▶ _EXTRACTED RECORDS_
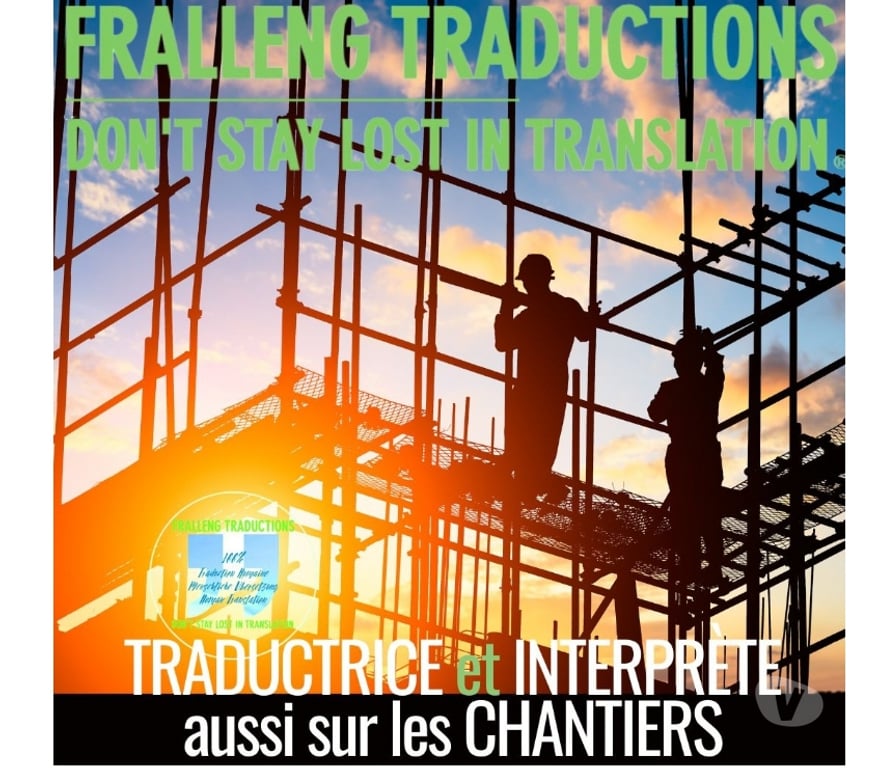 Traductions Var Cavalaire sur Mer - 83240 - Photos Vivastreet TRADUCTRICE-INTERPRÈTE Chantiers et Rénovations - BTP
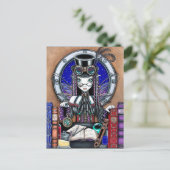 ビクトリアスチームパンク妖精の国はがき ポストカード (スタンド正面)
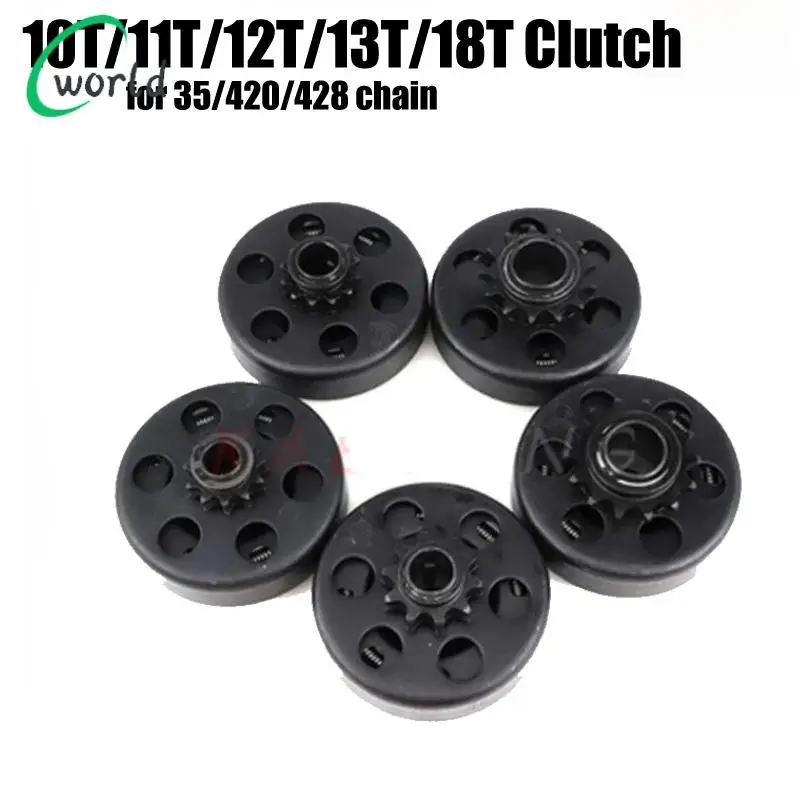 

New 10/11/12/13/18 Tooth 420/428/35 Chain 16/19/20mm Centrifugal Automatic Clutch For GO Fun Minibike Kart Drive Sprocket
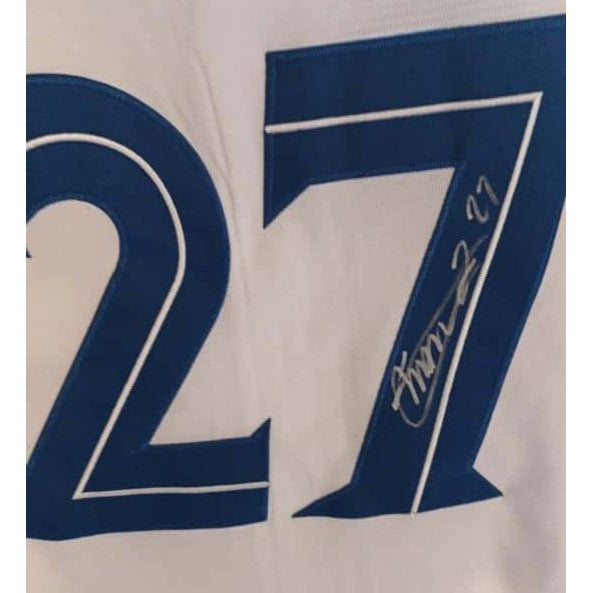 Vladimir Guerrero Jr. Toronto Blue jays size xl game model jersey signed with proof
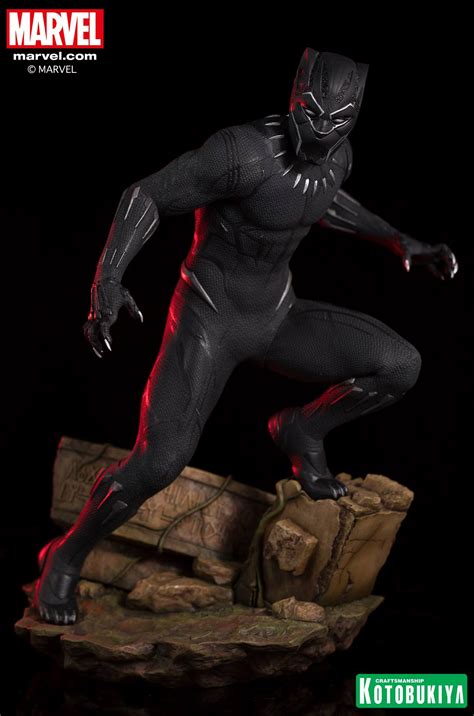 Marvel Black Panther Movie Black Panther Artfx Statue By Kotobukiya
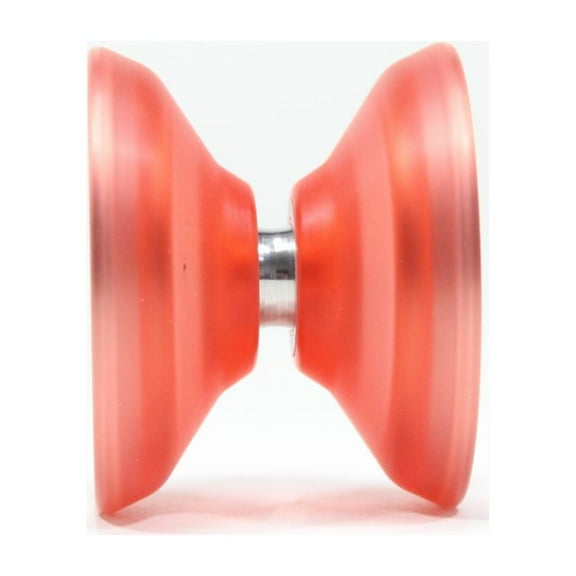 iYoYo SONicWAVE Yo-Yo - Stainless Steel Rings - Polycarbonate YoYo (Red/Silver Hub/Silver Ring)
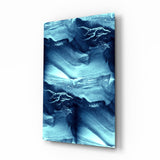 Blue Serenity Glass Wall Art.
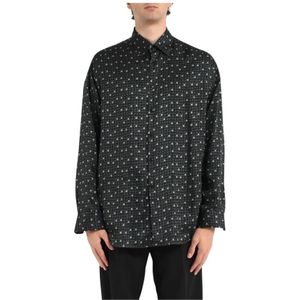 Costumein, Heren, Overhemden, Zwart, Maat: 2XL Zijde,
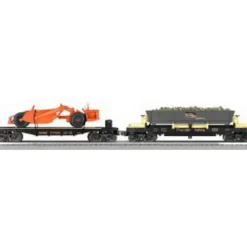 Trains*Lionel 6-30136 Thunder Valley Flat with Scraper and Ore Dump Car (Set of 2) - Model Train Junction: Quality Parts and Art Supplies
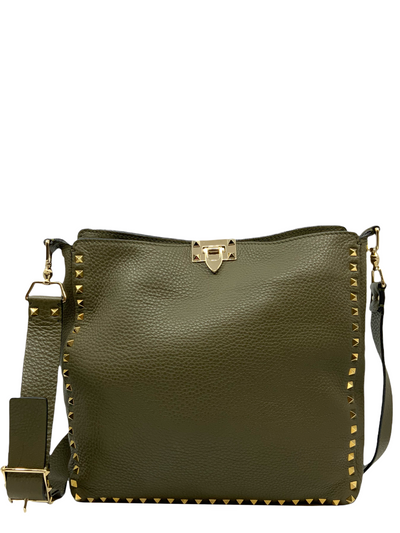 Valentino Rockstud Hobo Messenger Bag-Replica Designer Handbag Store
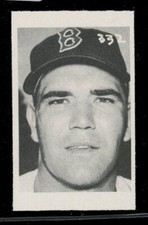 1955 All American Sports Club #332 Dick Gernert Red Sox HAND CUT LOOK!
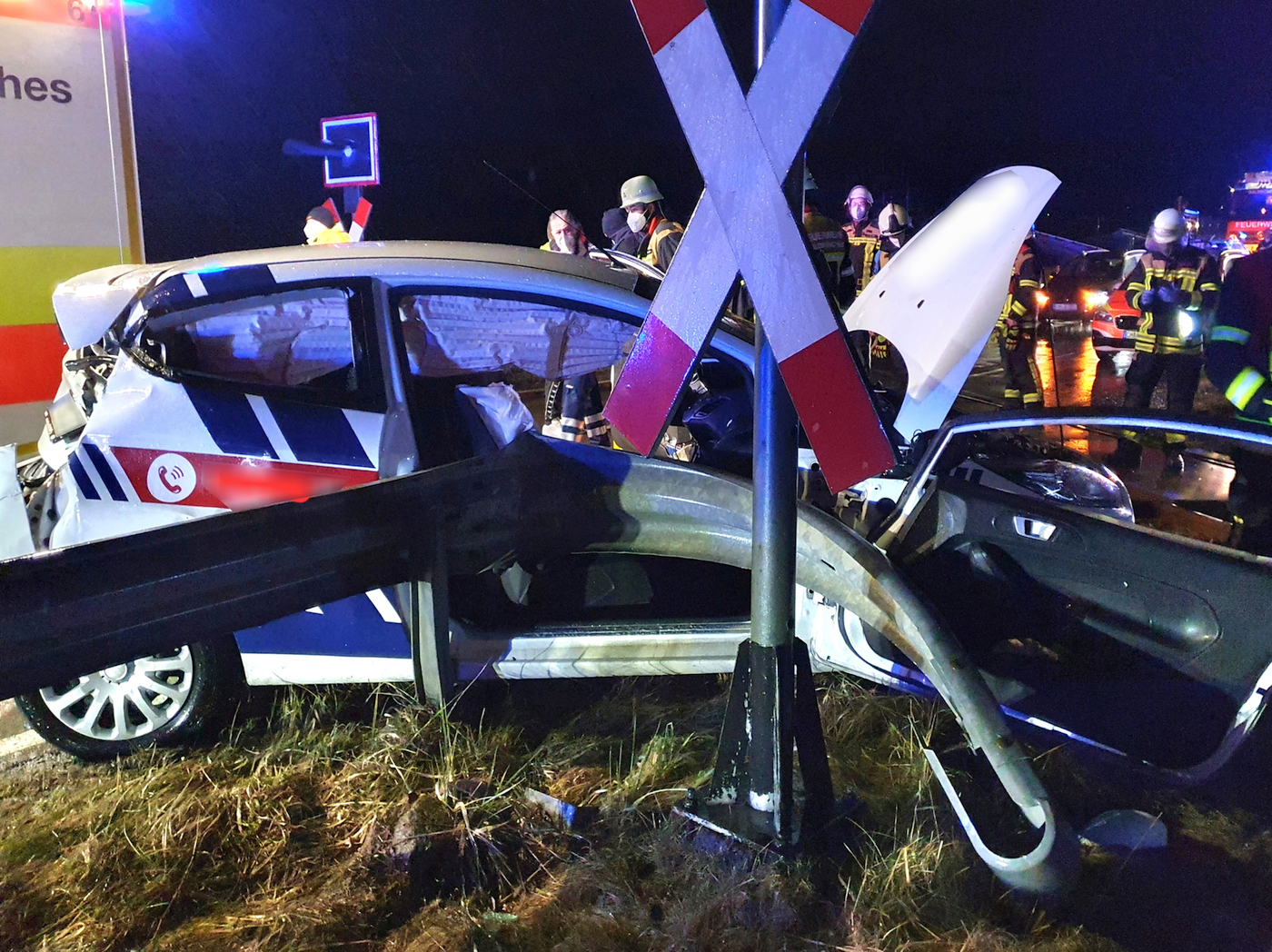 Verkehrsunfall am Bahnübergang in Waldmünchen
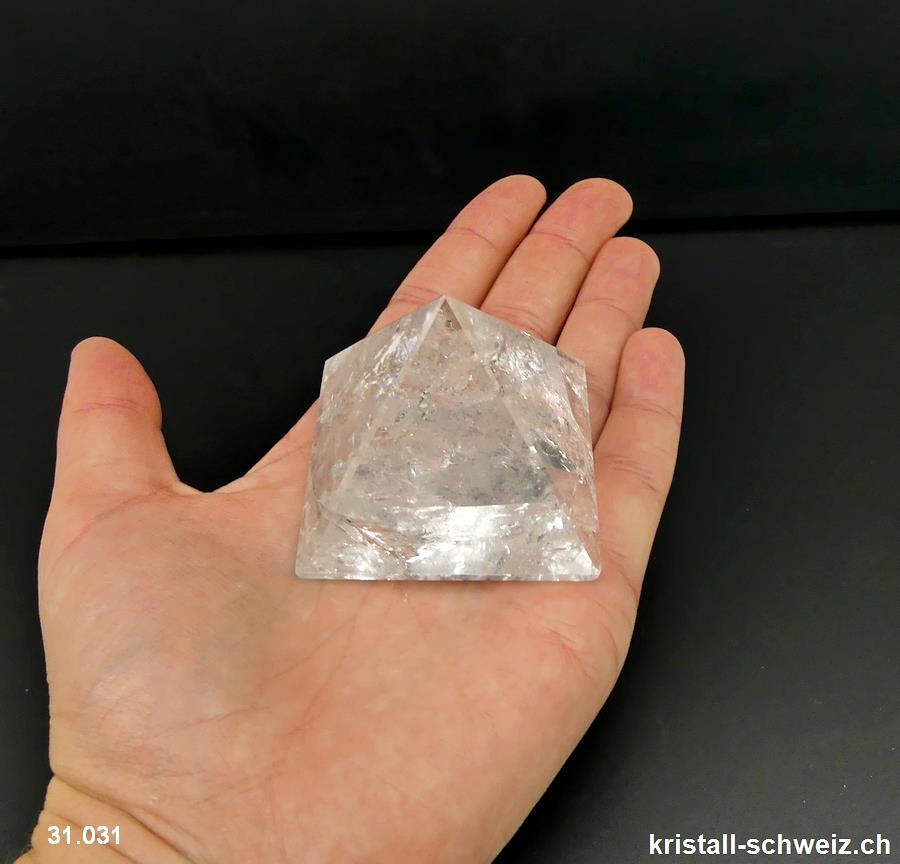Pyramid Bergkristall, Basis 5 x H. 4,2 cm. Unikat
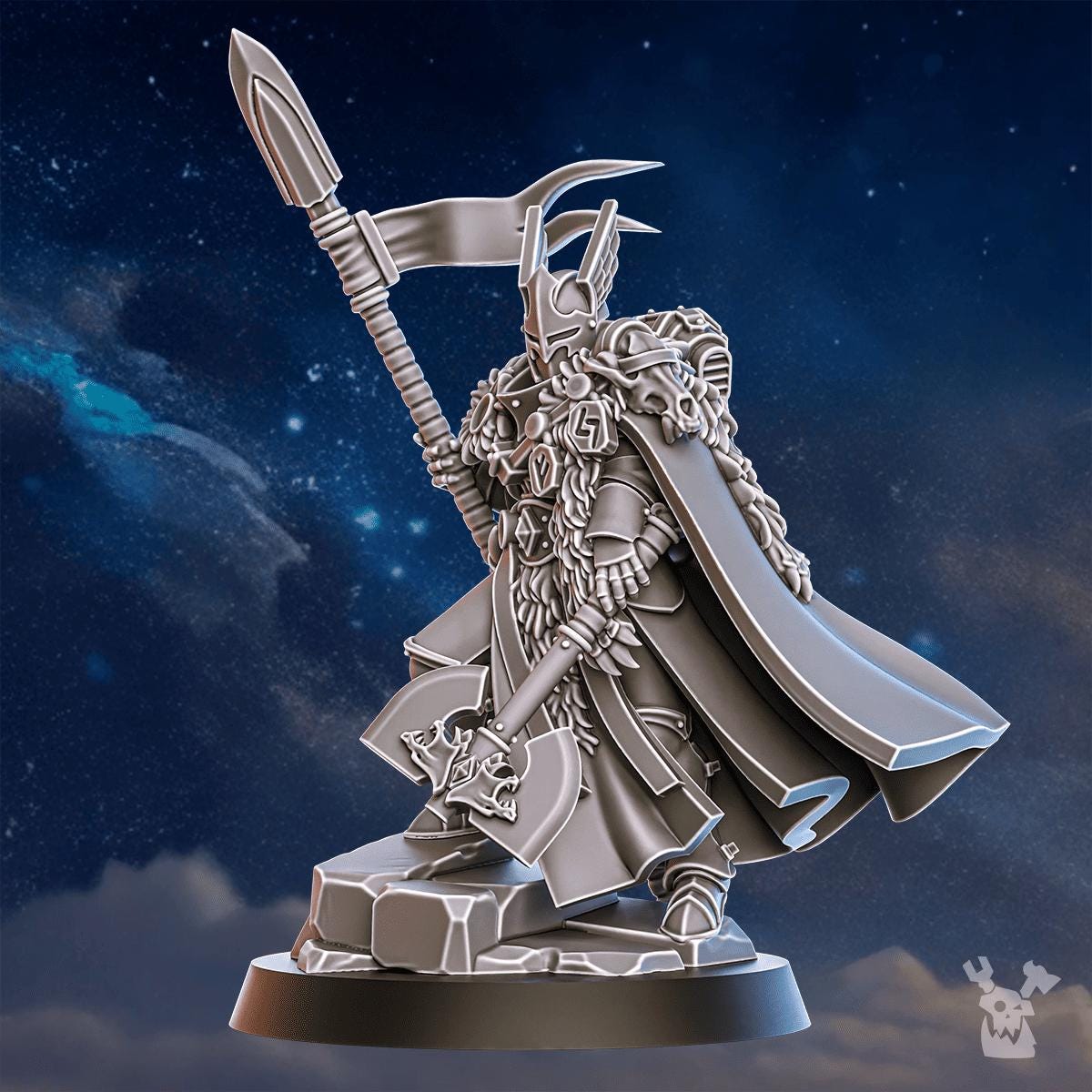 3d Printed Tribe Warmaster Elza by DakkaDakka Miniatures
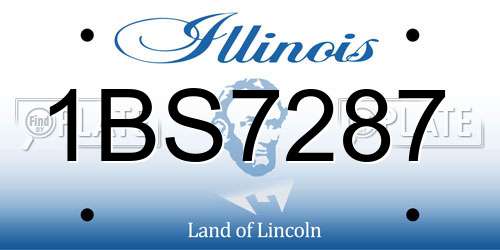 1BS7287 Illinois License Plate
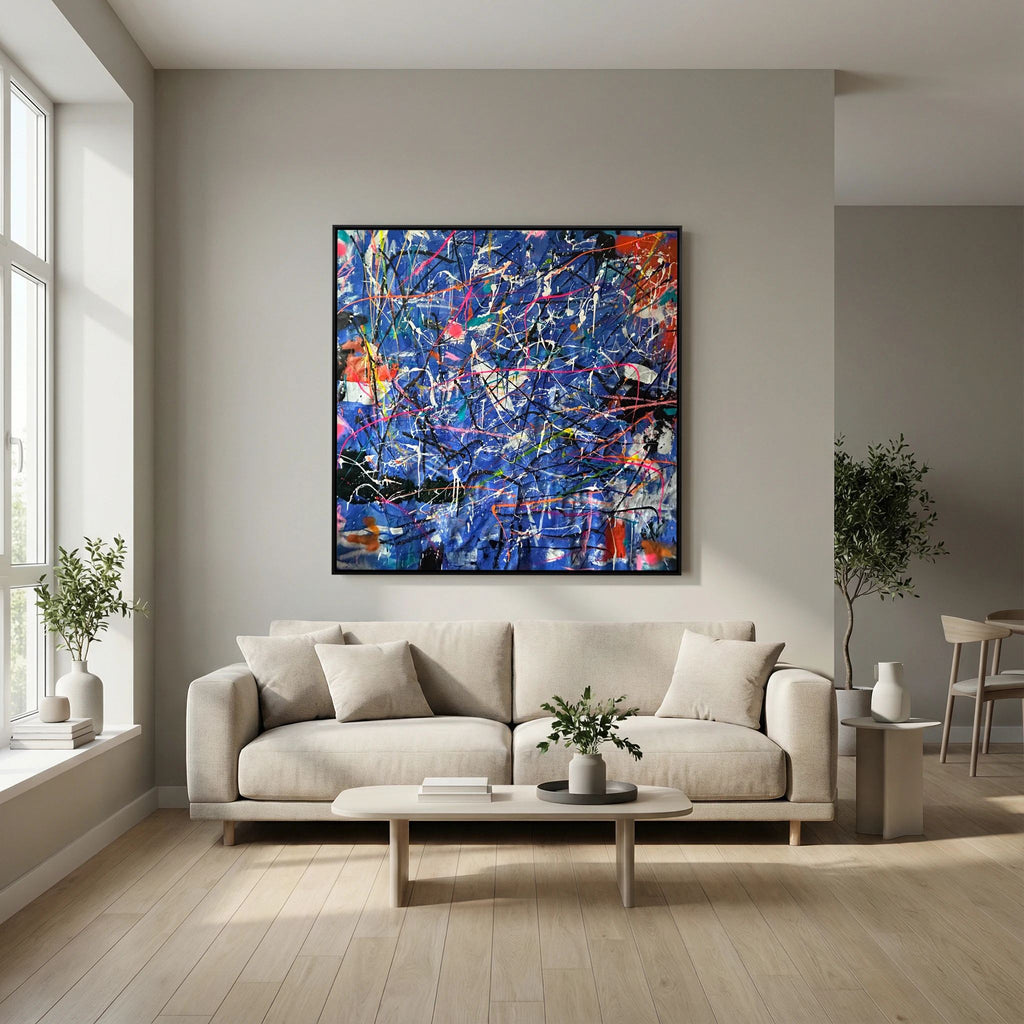 INDIGO (2024) PRINT ON CANVAS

▶ _WORK TO COMPLETE_
Each line from the top of the material through the line containing "Verkehrsunfall am Bahnübergang" should be reproduced exactly; please drop any images.

▶ _RESULT OF THE EXERCISE_
 Traductions Var Cavalaire sur Mer - 83240 - Photos Vivastreet TRADUCTRICE-INTERPRÈTE Chantiers et Rénovations - BTP
 ビクトリアスチームパンク妖精の国はがき ポストカード (スタンド正面)

New 10/11/12/13/18 Tooth 420/428/35 Chain 16/19/20mm Centrifugal Automatic Clutch For GO Fun Minibike Kart Drive Sprocket
 Vladimir Guerrero Jr. Toronto Blue jays size xl game model jersey signed with proof
 Marvel Black Panther Movie Black Panther Artfx Statue By Kotobukiya
 iYoYo SONicWAVE Yo-Yo - Stainless Steel Rings - Polycarbonate YoYo (Red/Silver Hub/Silver Ring)
 Blue Serenity Glass Wall Art.
 Costumein, Heren, Overhemden, Zwart, Maat: 2XL Zijde,
 Trains*Lionel 6-30136 Thunder Valley Flat with Scraper and Ore Dump Car (Set of 2) - Model Train Junction: Quality Parts and Art Supplies
 Valentino Rockstud Hobo Messenger Bag-Replica Designer Handbag Store
 1955 All American Sports Club #332 Dick Gernert Red Sox HAND CUT LOOK!
 Verkehrsunfall am Bahnübergang in Waldmünchen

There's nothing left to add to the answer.